▶ **The problem**: Word for word, restate the lines from the start of the data below through the line containing "3bdrm Apartment in".

▶ **Data supplied**:
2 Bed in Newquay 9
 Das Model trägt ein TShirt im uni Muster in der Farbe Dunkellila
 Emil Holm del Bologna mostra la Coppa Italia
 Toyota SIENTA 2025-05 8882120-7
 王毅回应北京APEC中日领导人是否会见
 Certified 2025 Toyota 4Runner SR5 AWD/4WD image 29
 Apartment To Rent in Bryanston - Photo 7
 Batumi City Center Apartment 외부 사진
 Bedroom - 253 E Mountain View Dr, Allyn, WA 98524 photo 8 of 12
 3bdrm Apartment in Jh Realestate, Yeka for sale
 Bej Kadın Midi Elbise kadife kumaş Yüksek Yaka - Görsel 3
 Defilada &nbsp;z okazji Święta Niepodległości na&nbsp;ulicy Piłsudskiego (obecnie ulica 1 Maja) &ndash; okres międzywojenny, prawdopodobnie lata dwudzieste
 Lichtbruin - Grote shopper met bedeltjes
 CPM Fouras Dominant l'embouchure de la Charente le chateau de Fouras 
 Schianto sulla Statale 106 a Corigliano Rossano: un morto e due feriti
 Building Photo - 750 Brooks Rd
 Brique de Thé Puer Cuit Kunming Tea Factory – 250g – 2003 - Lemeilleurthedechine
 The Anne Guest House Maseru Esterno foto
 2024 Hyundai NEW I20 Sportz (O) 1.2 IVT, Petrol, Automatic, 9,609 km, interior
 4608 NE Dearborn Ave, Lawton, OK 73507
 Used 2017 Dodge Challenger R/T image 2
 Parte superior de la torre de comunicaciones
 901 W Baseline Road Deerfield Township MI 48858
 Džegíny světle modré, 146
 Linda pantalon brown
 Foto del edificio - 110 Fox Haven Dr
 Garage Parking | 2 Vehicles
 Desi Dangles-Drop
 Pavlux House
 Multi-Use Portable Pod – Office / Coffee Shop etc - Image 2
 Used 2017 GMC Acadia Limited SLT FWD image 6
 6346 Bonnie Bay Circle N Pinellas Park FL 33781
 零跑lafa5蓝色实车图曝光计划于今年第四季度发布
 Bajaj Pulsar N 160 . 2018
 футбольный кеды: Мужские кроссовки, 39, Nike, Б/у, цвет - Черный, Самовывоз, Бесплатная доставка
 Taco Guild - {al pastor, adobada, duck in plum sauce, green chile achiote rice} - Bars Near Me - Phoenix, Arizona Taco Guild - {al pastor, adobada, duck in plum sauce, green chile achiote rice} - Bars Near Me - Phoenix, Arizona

▶ **Result**:
2 Bed in Newquay 9
 Das Model trägt ein TShirt im uni Muster in der Farbe Dunkellila
 Emil Holm del Bologna mostra la Coppa Italia
 Toyota SIENTA 2025-05 8882120-7
 王毅回应北京APEC中日领导人是否会见
 Certified 2025 Toyota 4Runner SR5 AWD/4WD image 29
 Apartment To Rent in Bryanston - Photo 7
 Batumi City Center Apartment 외부 사진
 Bedroom - 253 E Mountain View Dr, Allyn, WA 98524 photo 8 of 12
 3bdrm Apartment in Jh Realestate, Yeka for sale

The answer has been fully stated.